Requirement =>
Starting with the line that contains "Piatto in maiolica" and stopping after the line that contains "Bart-o-meter Bart Länge", return each line below exactly as written, with no others.

Data in this exercise =>
● ● ● ● ●
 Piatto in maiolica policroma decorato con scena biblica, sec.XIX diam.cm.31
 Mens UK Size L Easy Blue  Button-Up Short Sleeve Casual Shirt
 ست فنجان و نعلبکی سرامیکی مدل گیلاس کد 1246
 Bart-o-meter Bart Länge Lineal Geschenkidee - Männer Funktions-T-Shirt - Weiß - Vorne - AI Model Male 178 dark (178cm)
● ● ● ● ●
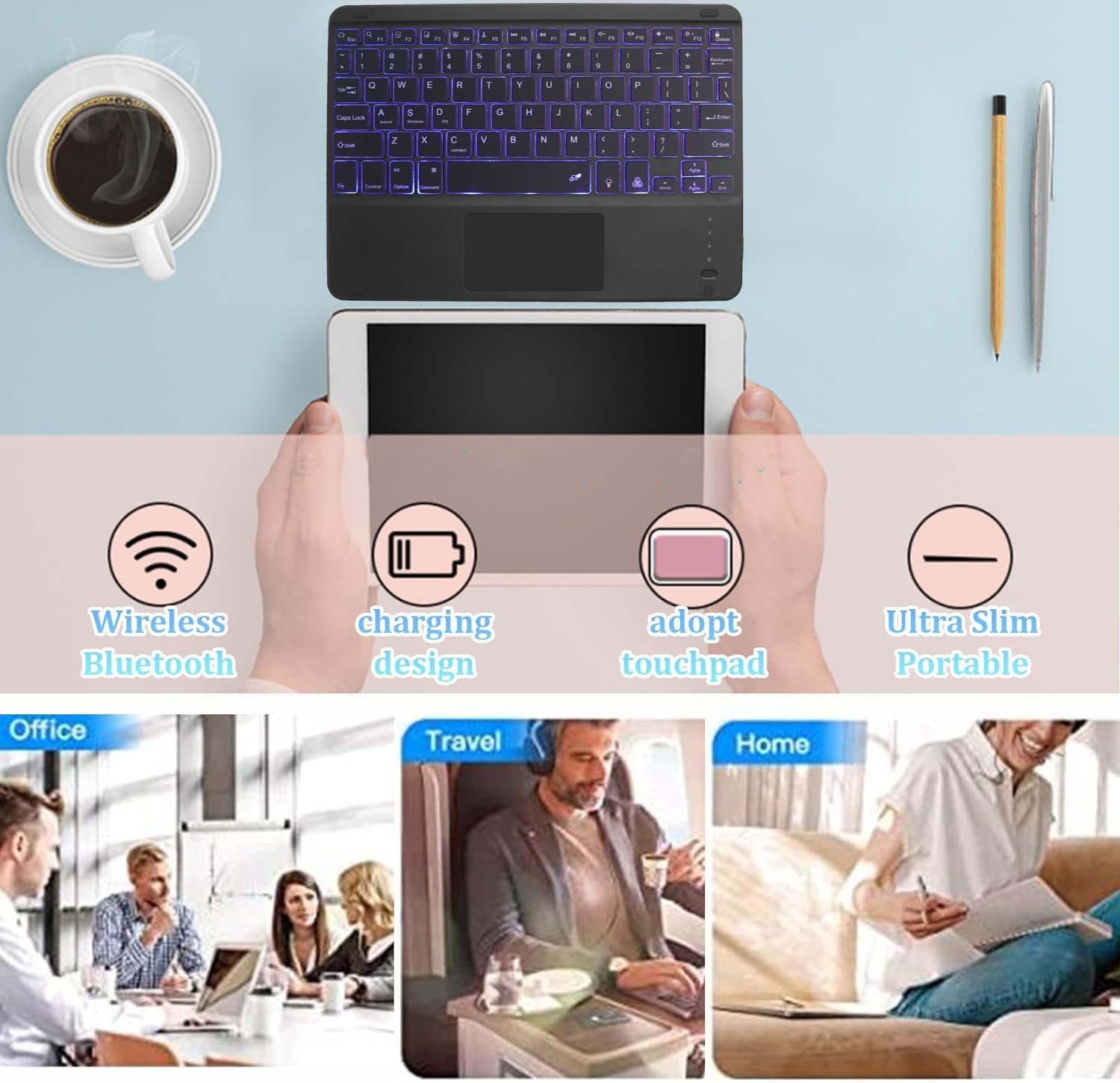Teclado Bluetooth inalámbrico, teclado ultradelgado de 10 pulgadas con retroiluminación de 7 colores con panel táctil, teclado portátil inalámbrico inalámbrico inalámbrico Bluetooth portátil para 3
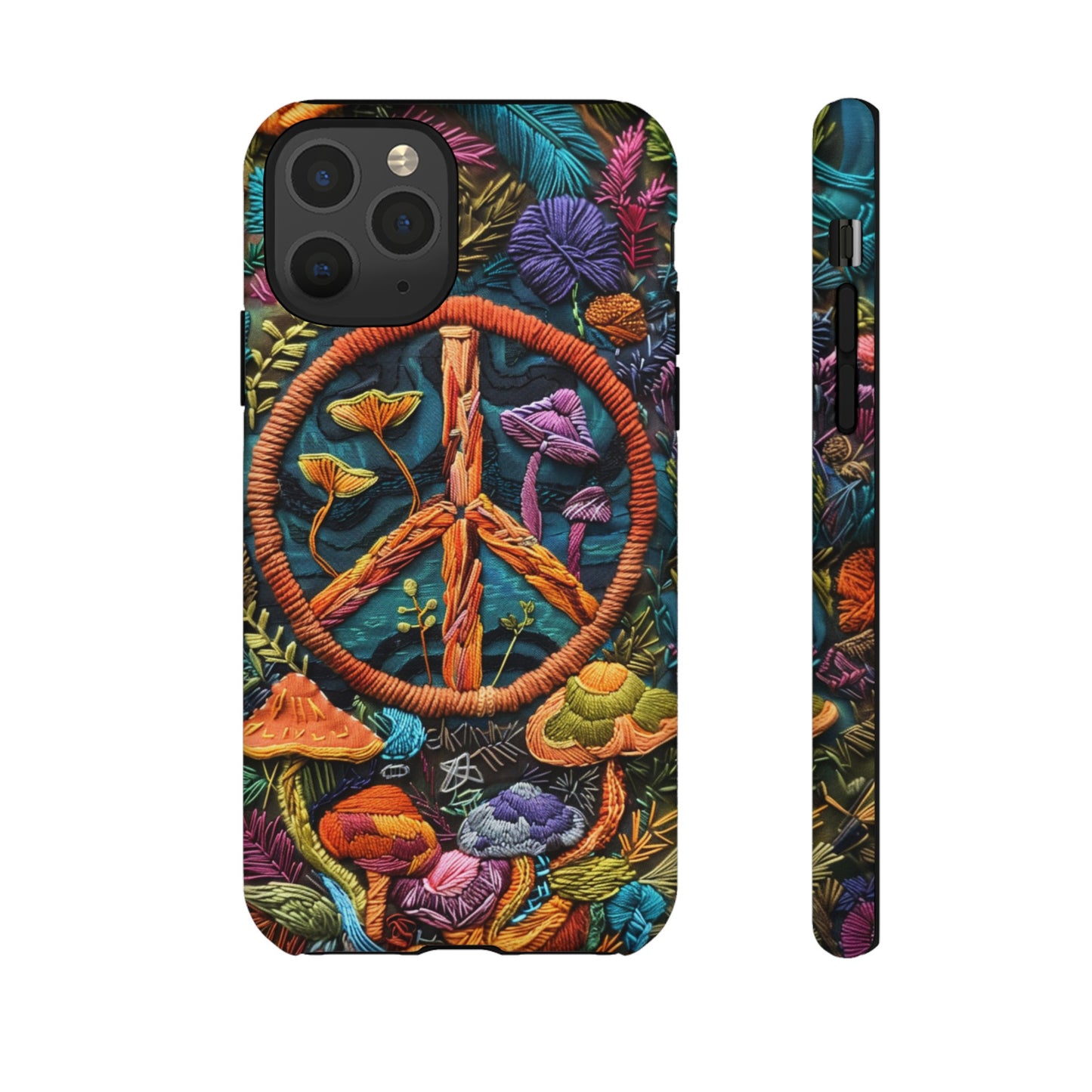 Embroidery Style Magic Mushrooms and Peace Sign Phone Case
● ● ● ● ●
Your response =>
 Piatto in maiolica policroma decorato con scena biblica, sec.XIX diam.cm.31
 Mens UK Size L Easy Blue  Button-Up Short Sleeve Casual Shirt
 ست فنجان و نعلبکی سرامیکی مدل گیلاس کد 1246
 Bart-o-meter Bart Länge Lineal Geschenkidee - Männer Funktions-T-Shirt - Weiß - Vorne - AI Model Male 178 dark (178cm)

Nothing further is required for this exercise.